The Mummy Returns Review
by David N. Butterworth (dnb AT dca DOT net)November 16th, 2001
THE MUMMY RETURNS
A film review by David N. Butterworth
Copyright 2001 David N. Butterworth
** (out of ****)
"What did you expect, Gone With the Wind?" someone once wrote in response to my somewhat less-than enthusiastic review of 1999's "The Mummy," a loud, long, and surprisingly lucrative horror/adventure yarn starring Brendan Fraser, Rachel Weisz, and a tombful of special effects. "It's the mummy. It was a good movie. It does not fall short."
Now I could have argued that just because a movie doesn’t take itself quite so seriously as, say, "Gone With the Wind," doesn’t necessarily make it a good movie. There are good mummy movies and there are bad mummy movies, after all. And then there
are movies like the afore-mentioned Fraser/Weisz outing, which falls somewhere in between. But partly intrigued by that differing of opinion from two years ago, and partly against by better judgment, I ventured cautiously into "The Mummy Returns."
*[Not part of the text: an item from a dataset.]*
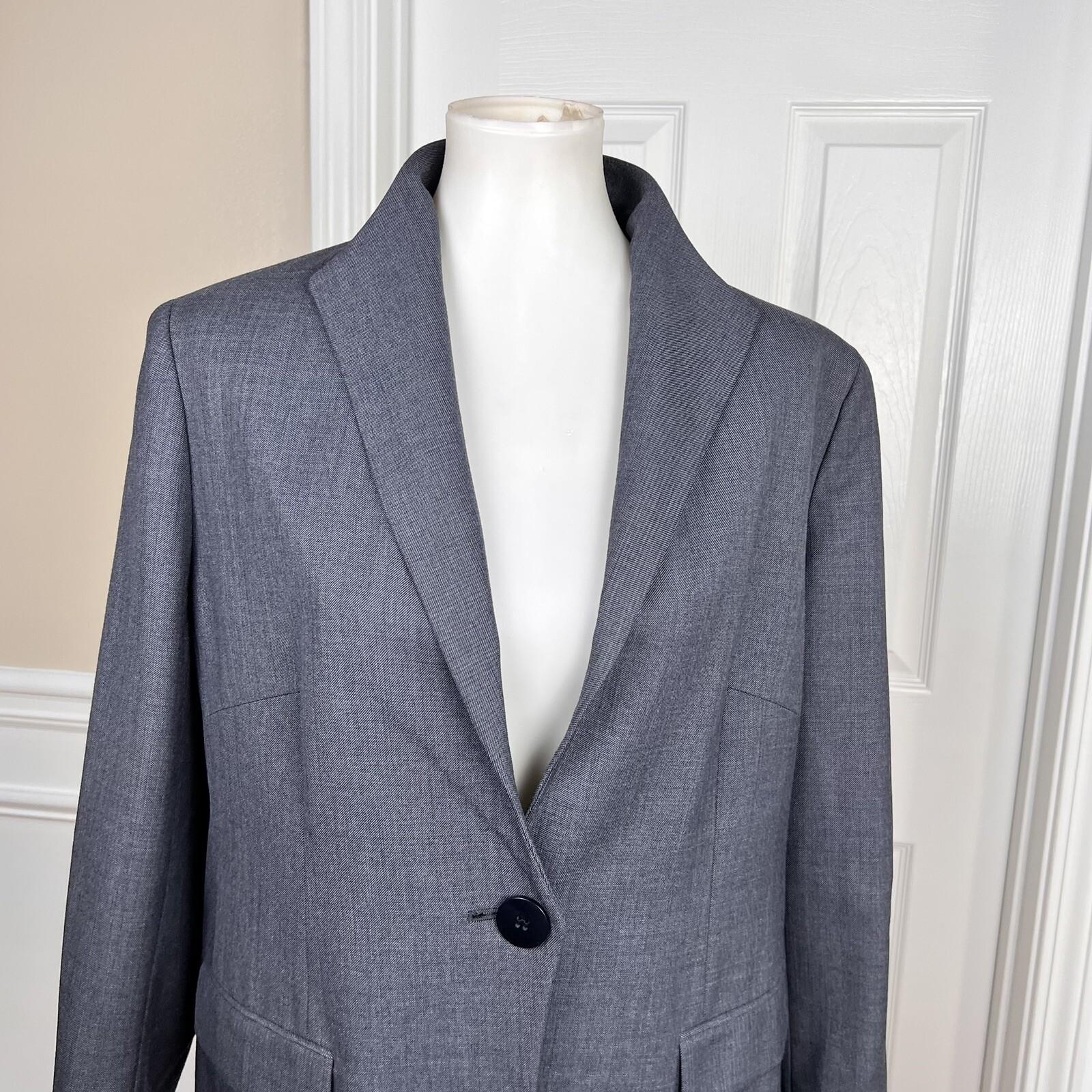 Jones New York Women Wool Blazer Size 14WP Gray Stand Up Collar Lined 1PC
"The Empire Strikes Back." "The Godfather Part II." "Aliens" (arguably). It didn’t seem likely that writer/director Stephen Sommers’s follow-up would join this acclaimed roster of films (i.e., sequels better than the originals that spawned them) and that turned out to be true. "The Mummy Returns" is actually no worse than its two-out-of-four-stars predecessor but it’s certainly no better. And in a number of ways it feels like exactly the same movie--terrific news if you enjoyed the first one, not so great if you didn’t.
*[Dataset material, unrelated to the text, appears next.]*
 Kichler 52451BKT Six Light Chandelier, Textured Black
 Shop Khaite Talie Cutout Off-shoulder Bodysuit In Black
In the first film, Fraser’s character was more your typical wisecracking (as opposed to whip cracking) adventurer. Here, for some reason, he tends to lay off the asides and treat the whole thing a little more seriously (a TV remake of "Gone With the Wind" might be in his future after all!). Either way, there’s only enough room in this world for one Indiana Jones, and Harrison Ford shouldn’t hang up that famous hat of his just yet.
Also in the first film, Weisz played a charmless librarian and here she plays the now charmless wife of Fraser’s Rick O’Connell. Rick and Evie have a son, Alex (played by Freddie Boath), whose sole purpose is to invigorate the proceedings with juvenile behavior and banter (not unlike "Indiana Jones and the Temple of Doom"’s Short Round). For instance, when catching his parents locked in an intimate embrace, Alex quips "Geez, get a room!" with that saucy British accent of his. He does this a lot, by the way.
And like the first chapter before it, this return is so laden with special effects that you exit the theater feeling positively exhausted. With no real story to speak of--some mumbo jumbo about the Scorpion King (played by WWF’s The Rock) making a pact with Anubis and forced to do battle with Imhoteop (Arnold Vosloo, reprising his mummified role)--plus characters as two-dimensional as Egyptian hieroglyphics (John Hannah is back as Evie’ scared-y cat brother Jonathan), the filmmakers had no choice but to throw everything but the kitchen sink at us courtesy the overworked CGI department.
With effects coming at us every other minute this one feels even longer than the first. Maybe with "The Mummy Returns 2" Sommers will switch gears completely and focus on the relationship between Rick and Evie.
Naah...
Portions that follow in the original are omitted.